Project | Multi-Domain Depth AI Usecases on the Edge

« Back to project details Sort by:

Solution #1: ADAS - CAS - Tweaking for Indian Conditions
10/24/2021 at 16:56 • 0 comments
After trying out the assembled gadget for vehicles and people on the road, I wanted to tweak the solution to cater the solution for the Indian situation. The Indian traffic conundrum is so unique that it demands custom solutions. To start with, we need to train object detection models with Indian vehicles such as trucks, tempos, vans, autos, cycle rickshaws, etc.

Further, to enhance smart surround view, we need to train the model with Indian traffic signs and signboards to give more meaningful driver-assist warnings on Indian roads. It's a common sight in India, the animals like cows, pigs, buffaloes, goats, dogs, etc., cross the roads and highways. Hence, it's beneficial to detect them as well.

For the PoC, see the output of SSD-Mobilenet model trained to classify Indian traffic signs against Indian signboards. You can further classify the traffic sign to decipher the exact meaning of the sign.

SSD-MobileNet model able to classify Indian Traffic Signs (Yellow Bbox) vs Sign Boards (Green Bbox)

The annotated Indian Traffic Sign dataset is provided by Datacluster Labs, India. They are yet to finish the annotation of "Indian Vehicles" database. It's just a matter of training time to make this gadget, tailor-made for India.

To find out the ROI from images, we have used SSD MobileNet trained on COCO filtered by potential objects.
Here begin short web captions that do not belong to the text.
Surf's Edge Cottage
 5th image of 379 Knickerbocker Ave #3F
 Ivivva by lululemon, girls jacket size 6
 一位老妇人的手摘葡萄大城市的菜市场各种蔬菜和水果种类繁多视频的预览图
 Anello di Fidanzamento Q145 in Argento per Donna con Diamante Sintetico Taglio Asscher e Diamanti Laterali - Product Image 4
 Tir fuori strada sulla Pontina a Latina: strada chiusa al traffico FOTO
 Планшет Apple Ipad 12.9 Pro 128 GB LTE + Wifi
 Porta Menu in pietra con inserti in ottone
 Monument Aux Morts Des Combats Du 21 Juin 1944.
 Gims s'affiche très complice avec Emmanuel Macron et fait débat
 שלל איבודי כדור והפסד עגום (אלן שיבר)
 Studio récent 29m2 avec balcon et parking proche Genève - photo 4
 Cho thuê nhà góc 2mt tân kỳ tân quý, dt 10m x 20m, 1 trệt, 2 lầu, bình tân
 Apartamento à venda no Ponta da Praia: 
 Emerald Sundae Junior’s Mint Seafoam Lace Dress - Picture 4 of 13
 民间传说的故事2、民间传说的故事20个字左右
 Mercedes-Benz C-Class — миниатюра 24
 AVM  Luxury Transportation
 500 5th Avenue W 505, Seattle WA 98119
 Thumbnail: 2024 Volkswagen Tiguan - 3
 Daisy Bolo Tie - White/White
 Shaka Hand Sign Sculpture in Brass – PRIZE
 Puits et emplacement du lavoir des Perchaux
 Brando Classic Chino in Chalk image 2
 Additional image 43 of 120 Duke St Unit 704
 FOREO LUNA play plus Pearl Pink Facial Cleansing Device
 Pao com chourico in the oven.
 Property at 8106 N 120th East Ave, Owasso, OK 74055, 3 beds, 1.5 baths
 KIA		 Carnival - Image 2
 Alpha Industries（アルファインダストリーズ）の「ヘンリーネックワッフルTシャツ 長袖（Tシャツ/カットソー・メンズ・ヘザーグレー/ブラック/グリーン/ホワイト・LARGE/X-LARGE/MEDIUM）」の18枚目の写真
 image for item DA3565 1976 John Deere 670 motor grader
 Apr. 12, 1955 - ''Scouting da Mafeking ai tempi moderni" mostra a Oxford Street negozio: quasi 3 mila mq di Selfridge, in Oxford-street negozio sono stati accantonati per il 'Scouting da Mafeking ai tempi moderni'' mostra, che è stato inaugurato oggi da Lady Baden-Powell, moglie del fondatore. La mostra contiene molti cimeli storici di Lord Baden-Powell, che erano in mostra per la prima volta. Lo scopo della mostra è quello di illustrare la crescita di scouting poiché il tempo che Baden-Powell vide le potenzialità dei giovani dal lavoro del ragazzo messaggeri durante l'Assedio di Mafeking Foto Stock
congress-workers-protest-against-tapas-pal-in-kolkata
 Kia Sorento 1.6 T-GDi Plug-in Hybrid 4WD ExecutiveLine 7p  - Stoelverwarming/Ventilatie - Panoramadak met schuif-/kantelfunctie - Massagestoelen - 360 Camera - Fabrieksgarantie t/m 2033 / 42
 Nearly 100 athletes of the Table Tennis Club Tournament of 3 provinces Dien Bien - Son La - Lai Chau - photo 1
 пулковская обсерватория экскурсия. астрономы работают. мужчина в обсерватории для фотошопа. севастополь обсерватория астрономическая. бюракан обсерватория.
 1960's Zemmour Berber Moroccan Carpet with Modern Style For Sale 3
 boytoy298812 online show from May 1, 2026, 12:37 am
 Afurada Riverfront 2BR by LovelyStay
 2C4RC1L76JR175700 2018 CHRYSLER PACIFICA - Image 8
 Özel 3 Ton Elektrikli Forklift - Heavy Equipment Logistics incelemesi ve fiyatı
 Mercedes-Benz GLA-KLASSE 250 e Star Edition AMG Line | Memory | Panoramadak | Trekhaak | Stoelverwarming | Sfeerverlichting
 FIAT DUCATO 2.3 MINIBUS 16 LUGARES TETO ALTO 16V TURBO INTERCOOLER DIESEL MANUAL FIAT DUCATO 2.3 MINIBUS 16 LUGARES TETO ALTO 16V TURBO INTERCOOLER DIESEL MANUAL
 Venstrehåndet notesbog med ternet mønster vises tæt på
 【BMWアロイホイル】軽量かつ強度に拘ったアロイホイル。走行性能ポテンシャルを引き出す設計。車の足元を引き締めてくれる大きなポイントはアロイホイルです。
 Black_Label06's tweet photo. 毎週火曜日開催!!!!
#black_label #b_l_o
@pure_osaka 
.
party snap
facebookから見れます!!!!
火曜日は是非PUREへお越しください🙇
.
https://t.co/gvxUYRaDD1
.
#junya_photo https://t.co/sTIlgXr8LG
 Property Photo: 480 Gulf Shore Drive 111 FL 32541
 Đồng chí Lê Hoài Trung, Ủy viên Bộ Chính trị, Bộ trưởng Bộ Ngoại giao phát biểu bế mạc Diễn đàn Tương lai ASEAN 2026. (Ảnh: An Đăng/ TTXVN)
To detect only people and vehicles, you can use this model also to get better speed and accuracy. More importantly, the core task of custom object training and its deployment on IoT devices and Android mobiles are handled at depth in Solution #5.

The output of this model is sent from Node 1 to Node 2, where the LiDAR-Camsensor fusion happens, further pushing a message to Node 3. For the system to function, the 3 MQTT nodes should work in tandem, orchestrated by MQTT messages, published, and subscribed on respective topics.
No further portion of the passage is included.